__DIRECTIONS__
Each line from the start of the records through the line containing "Silky Polka-Dot Dress, Brown" is to be transcribed exactly, and no other line is to be included.

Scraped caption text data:

################

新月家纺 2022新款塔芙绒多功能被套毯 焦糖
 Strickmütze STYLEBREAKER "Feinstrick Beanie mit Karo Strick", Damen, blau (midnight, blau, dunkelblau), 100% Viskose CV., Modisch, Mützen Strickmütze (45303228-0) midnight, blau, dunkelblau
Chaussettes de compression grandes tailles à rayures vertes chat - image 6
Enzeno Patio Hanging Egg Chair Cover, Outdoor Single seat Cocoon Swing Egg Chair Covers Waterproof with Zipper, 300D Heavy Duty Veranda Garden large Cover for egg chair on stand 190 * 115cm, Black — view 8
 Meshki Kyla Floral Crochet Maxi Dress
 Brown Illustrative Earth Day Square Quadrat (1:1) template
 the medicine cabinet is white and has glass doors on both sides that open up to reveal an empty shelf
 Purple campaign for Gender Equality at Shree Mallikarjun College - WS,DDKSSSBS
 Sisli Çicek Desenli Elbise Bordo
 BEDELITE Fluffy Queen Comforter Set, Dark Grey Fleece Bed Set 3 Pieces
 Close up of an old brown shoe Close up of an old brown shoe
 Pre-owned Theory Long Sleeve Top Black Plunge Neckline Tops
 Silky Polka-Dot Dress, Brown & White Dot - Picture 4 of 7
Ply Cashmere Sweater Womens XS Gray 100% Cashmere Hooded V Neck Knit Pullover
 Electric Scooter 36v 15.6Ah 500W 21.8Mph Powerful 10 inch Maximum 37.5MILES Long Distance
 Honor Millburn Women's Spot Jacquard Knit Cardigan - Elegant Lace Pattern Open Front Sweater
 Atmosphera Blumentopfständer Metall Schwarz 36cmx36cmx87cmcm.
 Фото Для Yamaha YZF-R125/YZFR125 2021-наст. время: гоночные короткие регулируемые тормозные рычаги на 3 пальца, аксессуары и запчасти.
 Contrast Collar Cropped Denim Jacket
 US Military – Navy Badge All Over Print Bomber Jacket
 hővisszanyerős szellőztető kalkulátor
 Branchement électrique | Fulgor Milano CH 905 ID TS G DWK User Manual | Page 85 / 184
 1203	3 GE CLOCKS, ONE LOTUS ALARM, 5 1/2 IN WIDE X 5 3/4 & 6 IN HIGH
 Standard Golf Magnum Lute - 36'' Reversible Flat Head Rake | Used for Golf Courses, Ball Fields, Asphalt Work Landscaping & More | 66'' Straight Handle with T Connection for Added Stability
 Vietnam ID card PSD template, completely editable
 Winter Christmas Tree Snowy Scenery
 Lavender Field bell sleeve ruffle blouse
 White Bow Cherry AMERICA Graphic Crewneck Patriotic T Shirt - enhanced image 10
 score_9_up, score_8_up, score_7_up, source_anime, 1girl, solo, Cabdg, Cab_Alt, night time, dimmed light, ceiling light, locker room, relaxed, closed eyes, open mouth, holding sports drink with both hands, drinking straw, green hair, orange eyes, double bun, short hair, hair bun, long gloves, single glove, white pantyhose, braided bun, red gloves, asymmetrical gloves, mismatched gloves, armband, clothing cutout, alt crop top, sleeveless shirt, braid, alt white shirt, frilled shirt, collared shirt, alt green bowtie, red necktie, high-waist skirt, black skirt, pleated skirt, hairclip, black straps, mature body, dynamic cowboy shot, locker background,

################

__EXPECTED ANSWER__
新月家纺 2022新款塔芙绒多功能被套毯 焦糖
 Strickmütze STYLEBREAKER "Feinstrick Beanie mit Karo Strick", Damen, blau (midnight, blau, dunkelblau), 100% Viskose CV., Modisch, Mützen Strickmütze (45303228-0) midnight, blau, dunkelblau
Chaussettes de compression grandes tailles à rayures vertes chat - image 6
Enzeno Patio Hanging Egg Chair Cover, Outdoor Single seat Cocoon Swing Egg Chair Covers Waterproof with Zipper, 300D Heavy Duty Veranda Garden large Cover for egg chair on stand 190 * 115cm, Black — view 8
 Meshki Kyla Floral Crochet Maxi Dress
 Brown Illustrative Earth Day Square Quadrat (1:1) template
 the medicine cabinet is white and has glass doors on both sides that open up to reveal an empty shelf
 Purple campaign for Gender Equality at Shree Mallikarjun College - WS,DDKSSSBS
 Sisli Çicek Desenli Elbise Bordo
 BEDELITE Fluffy Queen Comforter Set, Dark Grey Fleece Bed Set 3 Pieces
 Close up of an old brown shoe Close up of an old brown shoe
 Pre-owned Theory Long Sleeve Top Black Plunge Neckline Tops
 Silky Polka-Dot Dress, Brown & White Dot - Picture 4 of 7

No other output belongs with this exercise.